Senator Barack Obama has stormed to his second win in the 2008 Democratic primaries, winning Saturday's poll in South Carolina by a big margin.
With the first early results and exits polls clearly in Senator Obama's favour, the campaign manager David Axelrod declared victory.
With three per cent counted, Senator Obama had won with 53 per cent of the vote, after receiving strong support from the African American community, which makes up nearly half of registered Democrats in the state.
"This was a very strong message. It points to the future and not the past; to unity not division," Mr Axelrod said..
Senator Hillary Clinton was projected to gain 32 per cent of the vote, while former Senator John Edwards came in third with 15 per cent.
The win for Senator Obama - his first in a broader secret ballot - puts him in serious contention to become the first black president and will give him renewed momentum going into Super Tuesday, when 22 states vote on February 5.
Without a win in South Carolina, he would have battled the perception that his only other win in the caucus in Iowa was a fluke, achieved by organising students, rather than a true reflection of his popularity.

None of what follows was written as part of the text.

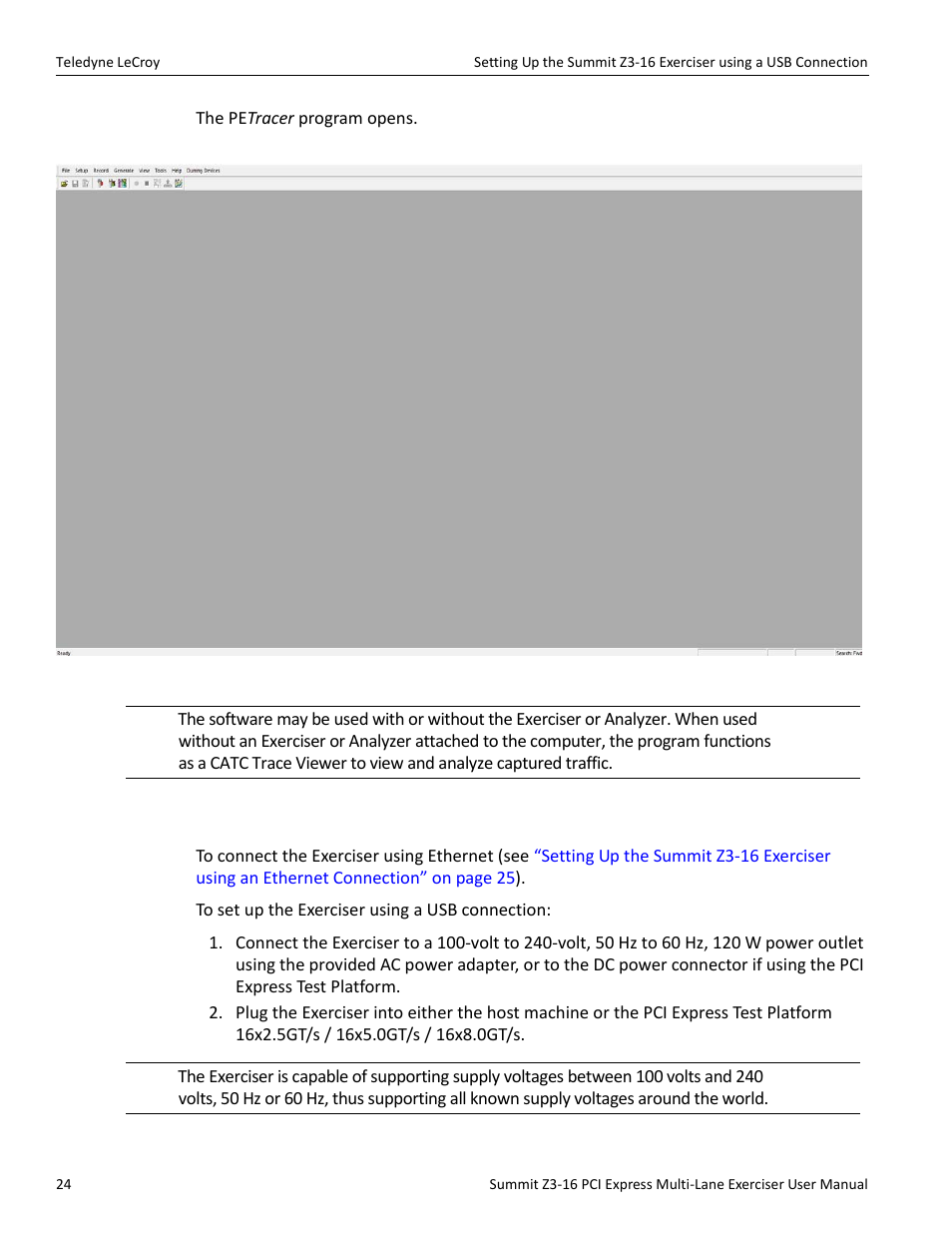 Teledyne LeCroy Summit Z3-16 PCI Express Multi-lane Exerciser User Manual User Manual | Page 24 / 118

But the increasingly bitter battle between Senator Obama and the Clintons, spearheaded by the former president, Bill Clinton, has taken its toll.
Senator Clinton saw her vote slump during the week as the campaign turned nasty and the Clinton camp ran negative ads accusing Obama of praising Ronald Reagan and of playing on his racial background as an African American to win votes.

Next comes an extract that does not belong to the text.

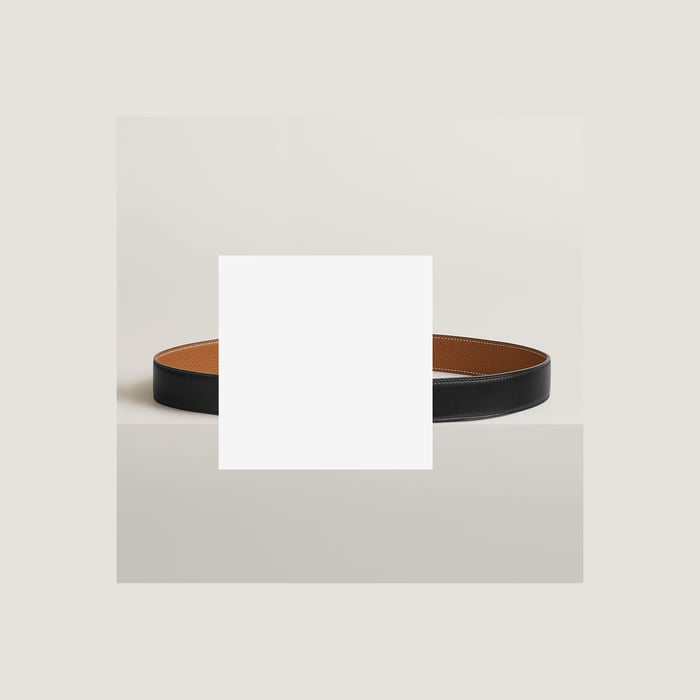 H Martelee Belt Buckle & Reversible Leather Strap 32 MM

The Obama camp countered that the Clintons were trying to paint them as the campaign that is backed by African americans – a strategy that could playout next week in big states.
Mr Axelrod said the result was a clear rejection of divisive politics.
"Plainly the efforts to divide failed – you just need to look at the numbers," he said
In several big states, such as California and New York, the Hispanic vote will be crucial to winning and by marginalising Senator Obama, the Clintons may have boosted their stocks with this community and with Caucasians in southern and mid-western states.
Mr Axelrod said the race would now come down to a race for delegates, which are rewarded in proportion to the vote. He predicted the nomination would not be decided until well after Super Tuesday.
Over half a million people voted in the Democratic primary in South Carolina, a record turnout. This bodes well for the Democrats in actual election in November. The Republican turnout in their primary last weekend was down on 2000.
Over half a million people voted in. This bodes well for the Democrats in the actual election in November. The Republican turnout in their primary last weekend was down on 2000.
About half the voters were black, according to exit poll interviews, and four out of five of them supported Obama.
Black women turned out in particularly large numbers. Obama nearly got a quarter of the white vote, which was higher than expected, while Clinton and Edwards split the rest.